Under Environments are chapters addressing Drugs, Technology (IM and cell phone use), and exposure to Sex and Violence. She quotes Craig Anderson and Brad Bushman, whose analysis of over two hundred independent studies led them to the telling conclusion that 'the relationship between violence in the media and aggressive behavior can be considered in the same light as the relationship between cigarette smoking and lung cancer.' She discusses the impact of offensive Internet pop-ups, pornographic websites, and the risk of Internet sexual solicitation. She provides sensible guidelines for kids' screen time. And she reminds us that parents are de facto role models for their children, as are relatives, teachers, and celebrities. A section on Worries has detailed chapters on Bullying and Terror (with specific tips on helping children during fearful times). Under Pressures are chapters on: Fitting In (popularity is a middle schooler's biggest worry with boys more anxious than girls!); Weight Problems (Rimms offers a 'Six-Step Healthy Rescue Plan'); Achievement and an epidemic of peer-pressured underachievement ('Rimm's Laws' offer good insights).

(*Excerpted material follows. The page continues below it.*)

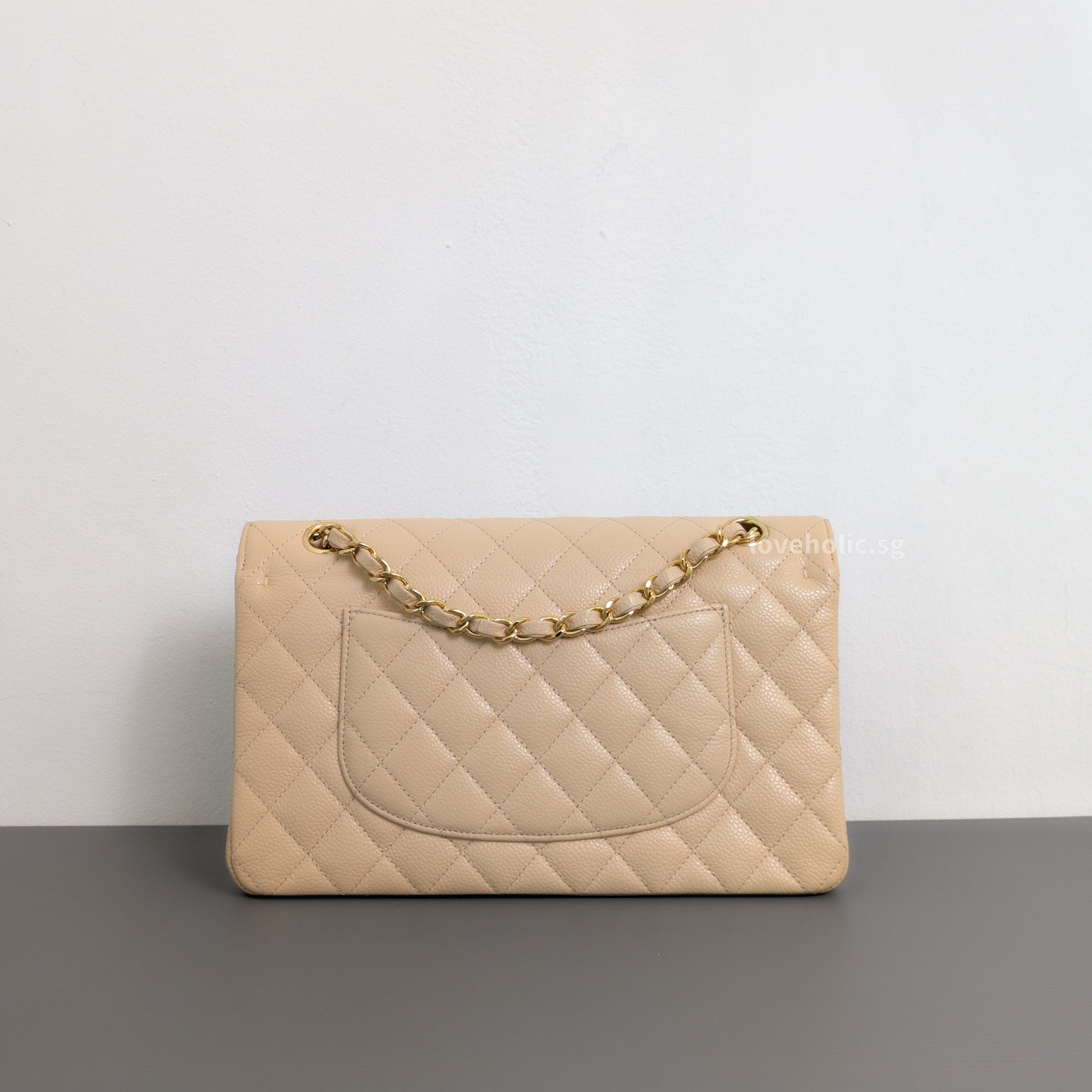 Chanel Classic Flap Medium | Beige Claire Caviar Gold Hardware-back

The final section of the book advises on 'Parenting Tweens' for achievement - neither overempowering them nor doing too much for them. Overall, Sylvia Rimm tells us that 'the basic principles of parenting have remained the same.' She reassures anxious parents, overwhelmed by worries about peer pressure and societal influences, that 'You can make a positive difference for your children', mainly by 'stating your opinions and setting clear limits.' I highly recommend Growing Up Too Fast to parents, grandparents, educators, and anyone working with middle school age kids.